Segment 29

When it comes to the taxonomical organization of the music in the Deep Tracks, I think we can generally agree about who tends to play what. Deep Purple’s hard rock. Arlo Guthrie’s folk rock. Steely Dan? Jazz rock. Charlie Daniels? Country rock. Where you find yourself getting into arguments and the occasional fist fight, is when you try to pin down the first record in any given category. For example: a lot of people say the first country rock album is The Gilded Palace of Sin by the Flying Burrito Brothers. Here, you might get an argument from The Byrds or Buffalo Springfield since they’d both started down that path years before. And no discussion of the subject is complete until someone brings up the one album by The International Submarine Band. Well, today’s batch of All Hand Mixed Vinyl ain’t lookin’ to pick a fight, but it is lookin’ to play some country rock.

Now, at some point in the evolution of rock radio, the range of musical styles getting air-play began to narrow. Now if you don’t believe in evolution, just think of this as unintelligent design. But this much is true: once upon a time in rock radio, you were just as likely to hear The Flying Burrito Brothers twanging up the rock as you were to hear Black Sabbath being heavy with it. But then somebody let the consultants in with their research that said we all wanted to hear the same 200 songs for the rest of our lives. After that, things changed. If you wanted to hear a Whole Lotta Led, they changed for the better. But if you liked a little fiddle and some pedal steel with your rock, well, sorry. The consultants took most of the evidence of the country rock movement and they burned it out in the desert, near Joshua Tree, like it was the body of Gram Parsons himself. Well, we went and dug it up. So, from the Way Back Studios, here’s another reason to be thankful for satellite radio. Rosen up your bow, this is what we call country rock.

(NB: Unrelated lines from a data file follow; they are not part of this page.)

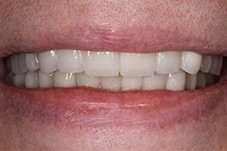 Closeup of Angela after dental implants, porcelain crowns and veneers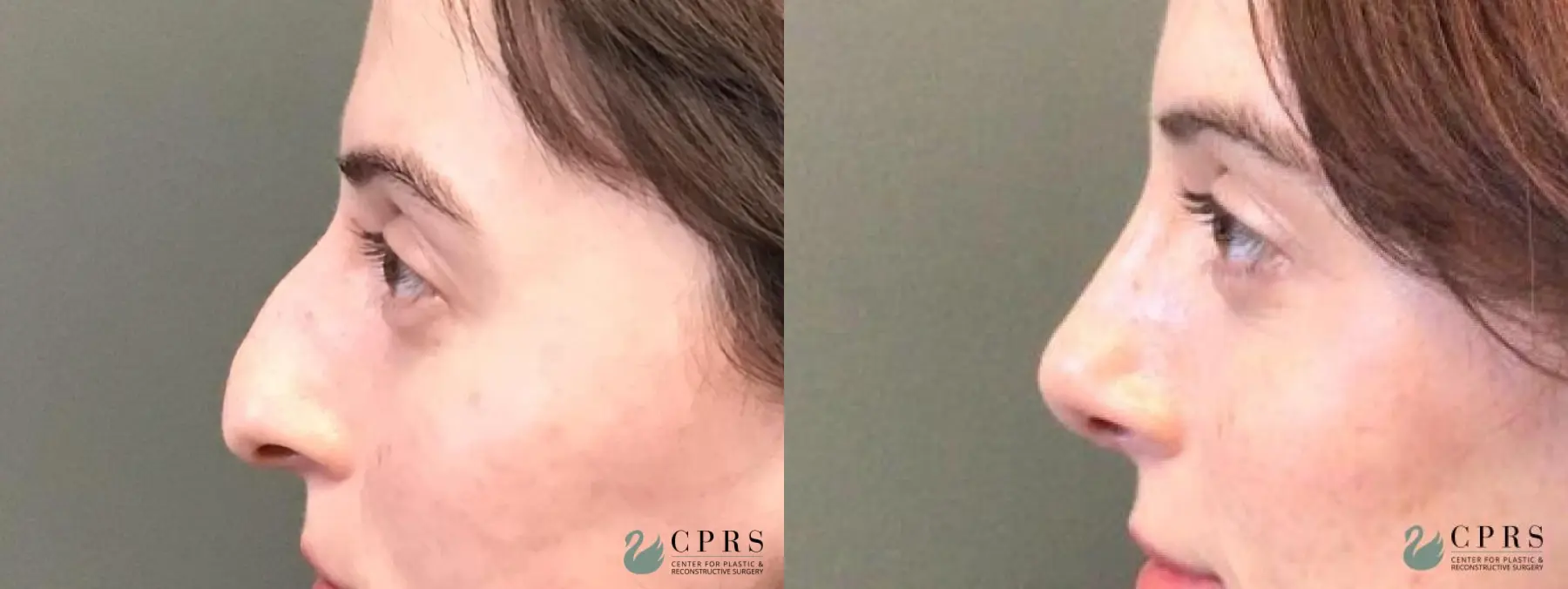 Rhinoplasty: Patient 12 - Before and After  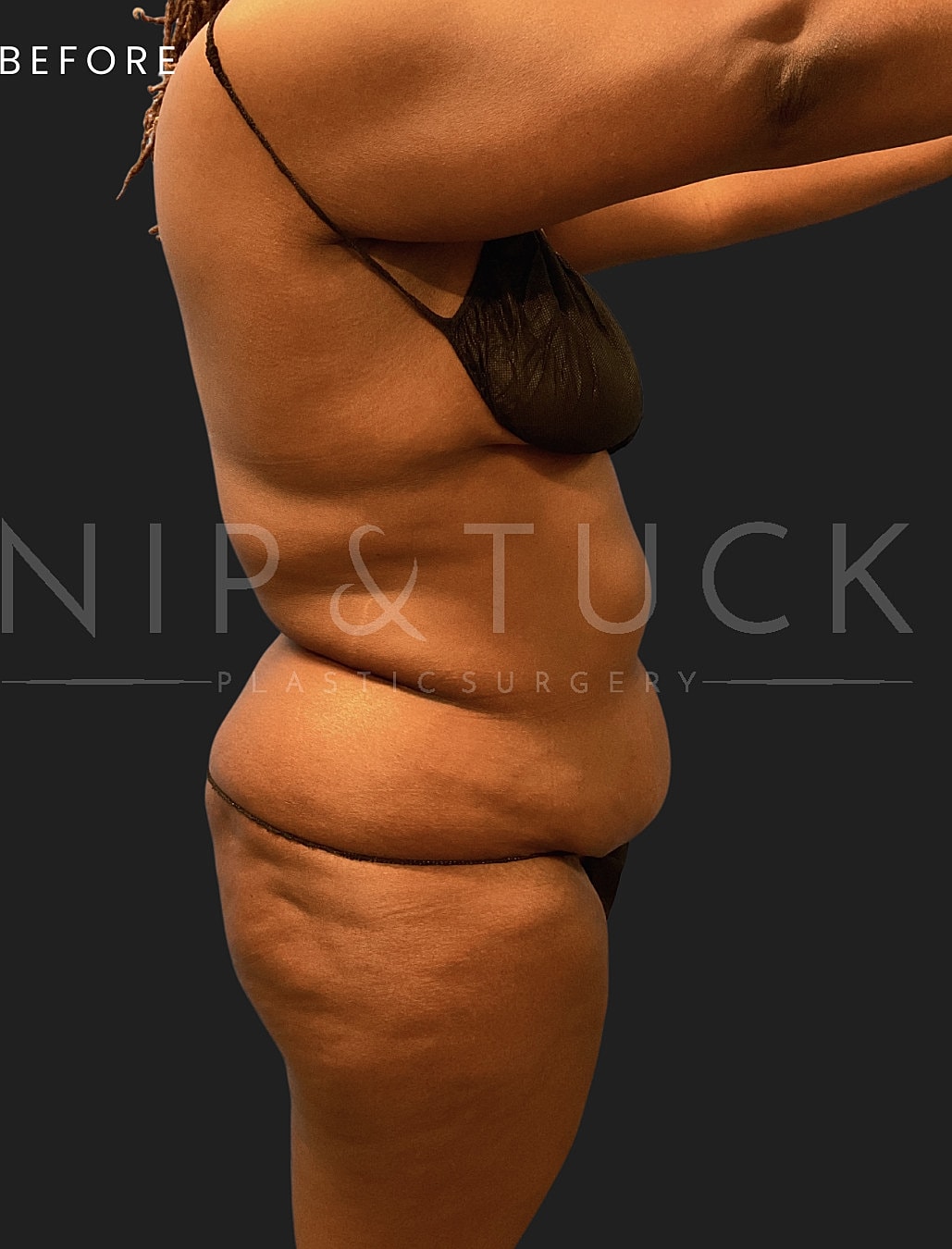 Renuvion Skin Tightening Before & After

Linda Rondstadt Silver Threads and Golden Needles
Loggins and Messina Listen To a Country Song
Manassas Fallen Eagle
Poco High and Dry
Marshall Tucker Band Blue Ridge Mountain Sky
Charlie Daniels Band The South’s Gonna Do It
Dan Fogelberg Long Way Home

If you didn’t know you were listening to vinyl before the end of the Fogelberg, you know now. That scratchy old record is my original copy of Dan’s first album from thirty-seven years ago, he said, reaching for his medicare card. That’s “Long Way Home (Live in the Country)” with a guy named Buddy SpiKer on the violin. Spoke to Buddy on the phone recently. Seemed like a nice guy, and he’s still giving lessons if you’re interested. We started that set with Linda Ronstadt’s second version of “Silver Threads and Golden Needles.” She first recorded it in 1969 for the Hand Sown, Home Grown album. Four years later she recorded it again with a guy named Gib Guilbeau on the fiddle. That’s from her album Don’t Cry Now. After that, Kenny Loggins with Jim Messina Sittin’ In along with Al Garth playing violin on “Listen to a Country Song.”

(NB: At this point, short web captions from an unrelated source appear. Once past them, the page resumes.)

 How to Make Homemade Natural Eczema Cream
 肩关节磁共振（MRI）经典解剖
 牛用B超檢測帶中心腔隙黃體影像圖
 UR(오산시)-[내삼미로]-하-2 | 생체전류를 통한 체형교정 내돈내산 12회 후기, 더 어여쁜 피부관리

We followed that with Manassas, a track called “Fallen Eagle” featuring Byron Berline on fiddle. The only song without a fiddle was right in the middle of that set, we heard “High and Dry” from Poco’s album Cantamos. Then it was Charlie Daniels back-to-back: first playing with the Marshall Tucker Band on “Blue Ridge Mountain Sky” and then, name dropping some southern musical favorites from Dickie Betts and Grinderswitch to Wet Willie and Elvin Bishop who might not be good looking but he sure can play. The Charlie Daniels Band with “The South’s Gonna Do It” from one of the quintessential country rock albums: Fire on the Mountain. You know it occurred to me while I was mixing this set that if you had stolen my eight track tape collection in 1974 – if you had reached into that beat up Ford Galaxy and snatched that black faux alligator carrying case – if you had done that, you would have had all the music necessary to do this set.

Food for thought from the Way Back Studios, I’m Bill Fitzhugh thanks for listening. I’ll be back with a fresh batch of All Hand Mixed Vinyl before you know it. And I hope you’ll join us, right here in the Deep Tracks.